Cette approche a été transmise depuis des siècles, de génération en génération, comme une évidence indiscutée. Mais elle pose désormais un insidieux dilemme à tous les croyants qui portent une vision sécularisée du monde et se réclament de valeurs humanistes universelles.
Assumant le principe de l’égalité en droit des individus, quels que soient leur religion, leur sexe, ou leur appartenance ethnique, ces croyants se trouvent en porte à faux avec nombre de versets coraniques inconciliables avec ces valeurs. Ils ne peuvent que récuser, par exemple, l’inégalité de statut social entre l’homme et la femme, la pratique de l’esclavage, la violence contre les Infidèles, ou les châtiments corporels. Ils admettent par-là que, si le Coran comporte des enseignements intemporels, il contient aussi des prescriptions circonstancielles, qui, épousant les contraintes d’une époque révolue, ne les engagent plus aujourd’hui.

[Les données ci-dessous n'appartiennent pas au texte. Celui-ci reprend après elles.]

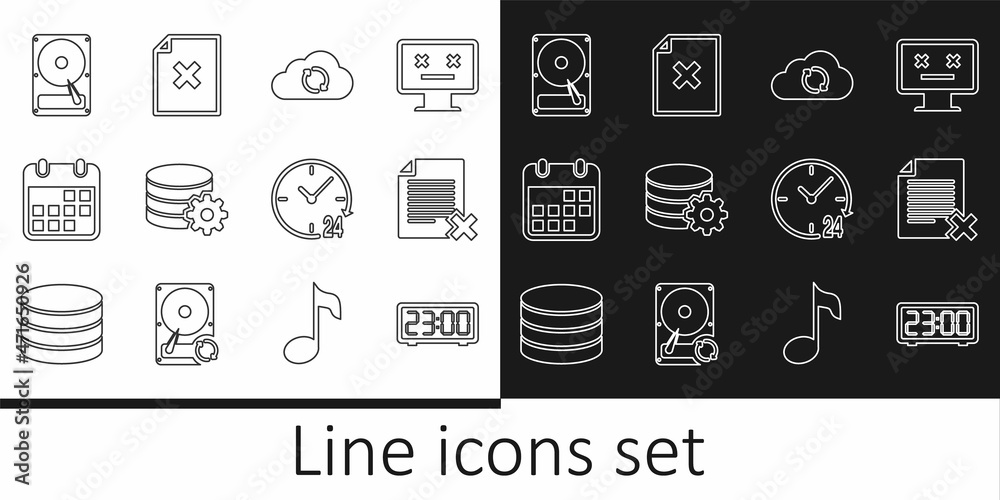 Set line Digital alarm clock, Delete file document, Cloud sync refresh, Setting database server, Calendar, Hard disk drive HDD, Clock 24 hours and icon. Vector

Ce constat, souligne Mahmoud Hussein, est le plus souvent vécu par eux comme une transgression, à laquelle ils ne peuvent pas échapper, tout en ne se pardonnant pas de la commettre. D’où un conflit intérieur, qu’ils s’efforcent d’ignorer, ou d’oublier – en évitant tout débat à ce sujet.

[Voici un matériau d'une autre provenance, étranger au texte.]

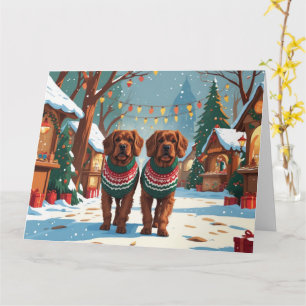 Bouviers des Flandres Dogs Christmas Snow Holiday Card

Tant qu’ils n’auront pas dépassé ce dilemme, leur intelligence du monde restera contrariée par ce qu’ils croient être le fondement de leur foi. Ils auront tendance à se replier sur leur quant à soi et à éviter toute discussion à ce sujet. A garder leur islam enfoui au fond d’eux-mêmes.
Ce qui est proprement tragique. Car il ne s’agit pas là de quelques individus isolés, dénués de représentativité au sein de leurs sociétés respectives. Appartenant en général à la classe moyenne, ils forment une masse critique d’acteurs sociaux particulièrement dynamiques - étudiants, professeurs, avocats, médecins, ingénieurs, entrepreneurs, journalistes, écrivains, artistes, etc.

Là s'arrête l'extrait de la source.